The Scorpion Rules (Prisoners of Peace #1)

Dreamy. I was not dreaming. I was thinking about the new hostage screaming—about me shocked and falling to my knees. I would not say this to Thandi. I had wanted to say it to Xie, but constantly monitored as we were, it was hard to find a good place in which to hide such a large conversation.

Outside I could hear Grego and Han laughing together. They were meant to be straining cream, but it sounded livelier than that. Grego was funny, but he told jokes in precise deadpan, as if they were engineering instructions. It was rare to hear him laugh—but somehow Han, who was as far from deadpan as one could imagine, could always make him. I envied them their ability to laugh together. Somehow Xie and I could rarely manage it.

“You know,” said Xie, “it would be all right, if you were thinking about him.”

“Who?” I said, because I did not know what else to say. Under the dairy roof we were not in the line of sight of the Panopticon, but some kind of eavesdrop bug could be assumed. We all took greater liberties under roofs, but they could not be infinite.

“Who?” Xie echoed. Her mood, maybe infected by the laughter outside, seemed playful. “Sidney, obviously.”

“Oh. Sidney.”

“Yes, Sidney,” said Thandi. “I know you two weren’t off playing coyotes, but . . .”

“Playing coyotes” was school euphemism for meeting outside, after dark—one presumed it was for sex.

“Certainly not,” said Xie. “But still. He liked you. And you didn’t mind. All things are relative, and from you, Princess of the Icy Places, not minding is nearly a declaration of undying love.”

I turned my back on them both, and looked to my own, slightly riper, cheese tray. The smell of it—sour as baby spit-up—suddenly turned my stomach. “My marriage will be dynastic.”

“So will mine,” said Xie to my back. “But in the meantime, I have eyes.”

“Yes,” said Thandi, whapping her way back out the door. “We noticed.”

I blushed. Eyes were the least of what Xie had. Playing coyotes? She was the queen of the pack, whereas I had my sexuality filed under “further research is needed.”

Sidney. We’d been hostaged together for eleven years. I knew every curve of his accent, every lilt of his laugh. I knew he hated zucchini, as do we all. But the shameful truth was I was not thinking about Sidney at all. He was, after all, already dead.

I looked at Xie. We were alone. A roof was over us.

“So,” she said, softly. “Sidney?”

“Sidney,” I said, but it was a lie. “No. I’m thinking more of this new boy.”

Da-Xia’s eyebrows folded up, and then she gave a faint, faint nod, letting me know she’d followed my switch to speaking in code.

“I wonder—I just wonder how long he’ll be with us.”

“So fickle!” Xie said, as if teasing, as if we were still talking about boys. She meant wars were fickle too. I’d been ready to die with Sidney, and I hadn’t. And maybe I wouldn’t, even now.

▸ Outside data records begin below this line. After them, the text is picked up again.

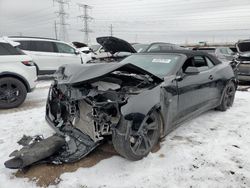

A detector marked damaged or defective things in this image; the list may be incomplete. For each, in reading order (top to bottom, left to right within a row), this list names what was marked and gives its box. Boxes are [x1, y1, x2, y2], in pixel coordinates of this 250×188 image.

crumpled hood [96, 36, 137, 54]
crumpled hood [55, 62, 163, 84]
shattered windshield [120, 54, 182, 77]
damaged front end [5, 63, 163, 169]
wrecked camaro [4, 50, 237, 169]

“Just remember,” she said. “There’s time yet between you and that dynastic marriage.”

“I hope so.” Sixteen months was not so long.

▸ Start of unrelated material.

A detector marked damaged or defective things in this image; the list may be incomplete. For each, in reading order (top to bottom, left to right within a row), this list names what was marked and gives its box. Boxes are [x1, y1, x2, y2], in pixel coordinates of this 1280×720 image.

Da-Xia put her hand—well known, work hardened, hot from the pitchers—on the back of my neck. I leaned into her.

“Me too,” she said.



And in the five days after I first saw the Cumberland hostage, I didn’t sleep well.

I have never been a good sleeper. If I could choose a blessing it would perhaps be the ability to put my head on the pillow and drift off, quietly, reliably, without fuss. Instead my brain takes exhaustion as its cue to review every stupid mistake I’ve ever made, and then (like the crowned princes in Shakespeare) I have bad dreams.

Xie sleeps. I don’t.

By the fifth day I had had quite enough of it.

I was alone that night. Da-Xia had gone out to play coyotes. The room was too quiet without her breathing in it. Above me the glass ceiling was a dark gleam—glass, to let the Panopticon watch over us. I lay there and looked up at it. Xie had a habit of folding cranes from whatever paper she could scavenge, and hanging them from the glass. Their small angles shifted slowly, dully, though the room seemed airless. Through their dapple I could see the spill of the Milky Way, and the insect twist of the Panopticon mast rising against the sky.

My pillow grew hot. I turned it over. The other side grew hot. My hair spread out all around me. I had quite a lot of hair, which was entirely my mother’s fault. A queen does not cut her hair, she often said. And once, the last time I saw her: A queen cuts her hair on her way to the block.